▶ _What to do_
Whenever an image turns up, omit it and return the remaining data exactly.

▶ _Data block_
+===+

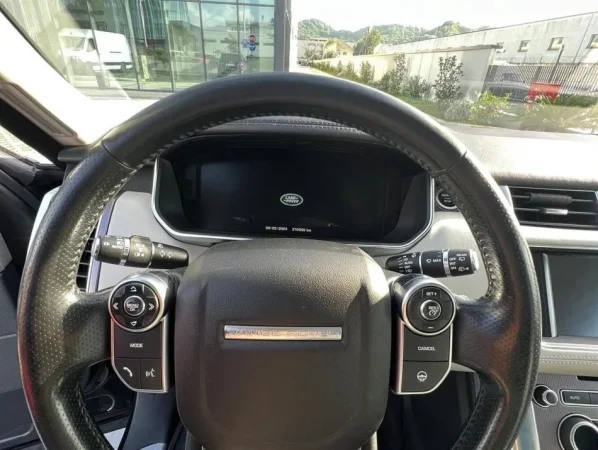 Tirane, shes Range Rover Sport 3.0 Nafte Nafte, e zeze automatik Klima 200.566 km 23.000 €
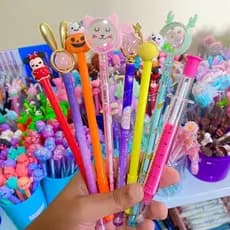 Oferta especial Kit 12 unidades Caneta fofa Criativa Gel Bichinhos Personagens Animadas Kawaii  12 modelos diferentes Baratinha
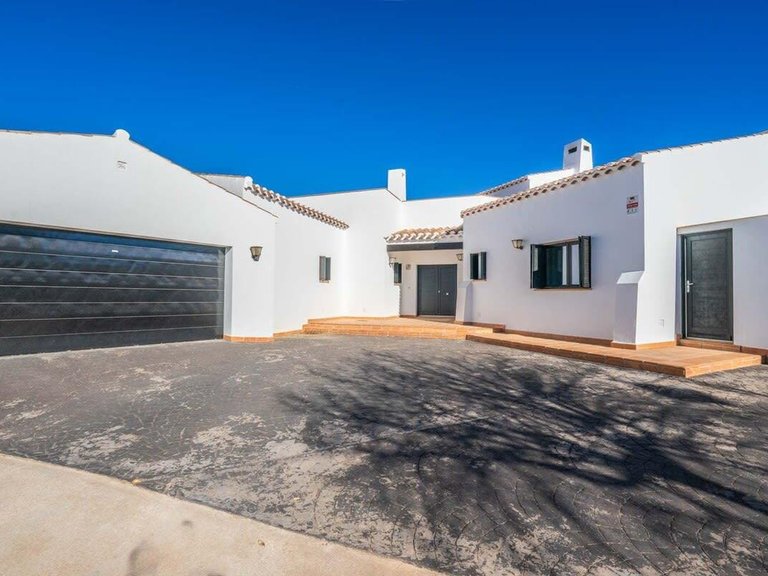 Villa for Sale in Inland El Valle Golf Resort, Murcia 8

+===+

▶ _Worked solution_
 Tirane, shes Range Rover Sport 3.0 Nafte Nafte, e zeze automatik Klima 200.566 km 23.000 €
 Oferta especial Kit 12 unidades Caneta fofa Criativa Gel Bichinhos Personagens Animadas Kawaii  12 modelos diferentes Baratinha
 Villa for Sale in Inland El Valle Golf Resort, Murcia 8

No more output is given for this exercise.